## Data to examine
::::
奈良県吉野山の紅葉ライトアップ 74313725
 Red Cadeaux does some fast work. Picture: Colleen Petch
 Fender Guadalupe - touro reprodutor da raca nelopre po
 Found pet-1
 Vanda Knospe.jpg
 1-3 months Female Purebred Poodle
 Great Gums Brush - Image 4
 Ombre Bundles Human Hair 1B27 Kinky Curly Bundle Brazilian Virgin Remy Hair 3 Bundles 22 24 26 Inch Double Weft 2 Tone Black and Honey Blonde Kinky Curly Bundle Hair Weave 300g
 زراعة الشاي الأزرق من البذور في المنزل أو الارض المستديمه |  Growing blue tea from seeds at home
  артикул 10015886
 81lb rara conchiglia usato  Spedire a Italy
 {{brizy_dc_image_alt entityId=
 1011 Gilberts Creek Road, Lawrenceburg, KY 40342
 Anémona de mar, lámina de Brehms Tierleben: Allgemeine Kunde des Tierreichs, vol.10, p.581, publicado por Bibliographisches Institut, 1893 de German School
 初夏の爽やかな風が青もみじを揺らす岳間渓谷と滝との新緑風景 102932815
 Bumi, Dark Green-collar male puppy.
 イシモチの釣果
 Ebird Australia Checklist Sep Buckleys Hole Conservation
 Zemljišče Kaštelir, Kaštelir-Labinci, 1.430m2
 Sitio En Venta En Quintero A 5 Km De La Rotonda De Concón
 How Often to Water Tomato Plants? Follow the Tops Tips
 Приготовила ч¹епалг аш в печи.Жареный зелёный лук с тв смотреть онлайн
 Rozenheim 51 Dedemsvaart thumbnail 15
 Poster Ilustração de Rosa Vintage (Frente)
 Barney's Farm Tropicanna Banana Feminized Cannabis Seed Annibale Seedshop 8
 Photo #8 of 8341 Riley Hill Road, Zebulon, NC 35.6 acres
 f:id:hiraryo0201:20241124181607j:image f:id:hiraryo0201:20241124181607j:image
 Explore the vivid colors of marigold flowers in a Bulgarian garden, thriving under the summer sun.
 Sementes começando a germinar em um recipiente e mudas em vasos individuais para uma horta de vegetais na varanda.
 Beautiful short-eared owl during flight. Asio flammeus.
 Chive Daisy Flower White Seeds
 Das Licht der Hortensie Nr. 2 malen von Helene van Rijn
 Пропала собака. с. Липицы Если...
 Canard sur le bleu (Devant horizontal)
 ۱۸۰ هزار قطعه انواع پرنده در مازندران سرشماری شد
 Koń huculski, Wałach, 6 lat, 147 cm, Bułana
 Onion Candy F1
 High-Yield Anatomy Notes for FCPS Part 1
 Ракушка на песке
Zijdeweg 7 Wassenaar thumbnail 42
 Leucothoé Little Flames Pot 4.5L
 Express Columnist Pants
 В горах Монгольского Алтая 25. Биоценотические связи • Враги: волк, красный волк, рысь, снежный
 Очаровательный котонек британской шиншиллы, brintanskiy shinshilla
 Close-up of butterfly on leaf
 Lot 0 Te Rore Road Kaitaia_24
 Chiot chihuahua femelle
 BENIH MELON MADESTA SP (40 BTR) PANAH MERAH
::::
## What the task requires
Only the lines above from the one with "1-3 months Female Purebred Poodle" through the one with "Poster Ilustração de Rosa Vintage (Frente)" should be duplicated, character for character.

## Your solution
 1-3 months Female Purebred Poodle
 Great Gums Brush - Image 4
 Ombre Bundles Human Hair 1B27 Kinky Curly Bundle Brazilian Virgin Remy Hair 3 Bundles 22 24 26 Inch Double Weft 2 Tone Black and Honey Blonde Kinky Curly Bundle Hair Weave 300g
 زراعة الشاي الأزرق من البذور في المنزل أو الارض المستديمه |  Growing blue tea from seeds at home
  артикул 10015886
 81lb rara conchiglia usato  Spedire a Italy
 {{brizy_dc_image_alt entityId=
 1011 Gilberts Creek Road, Lawrenceburg, KY 40342
 Anémona de mar, lámina de Brehms Tierleben: Allgemeine Kunde des Tierreichs, vol.10, p.581, publicado por Bibliographisches Institut, 1893 de German School
 初夏の爽やかな風が青もみじを揺らす岳間渓谷と滝との新緑風景 102932815
 Bumi, Dark Green-collar male puppy.
 イシモチの釣果
 Ebird Australia Checklist Sep Buckleys Hole Conservation
 Zemljišče Kaštelir, Kaštelir-Labinci, 1.430m2
 Sitio En Venta En Quintero A 5 Km De La Rotonda De Concón
 How Often to Water Tomato Plants? Follow the Tops Tips
 Приготовила ч¹епалг аш в печи.Жареный зелёный лук с тв смотреть онлайн
 Rozenheim 51 Dedemsvaart thumbnail 15
 Poster Ilustração de Rosa Vintage (Frente)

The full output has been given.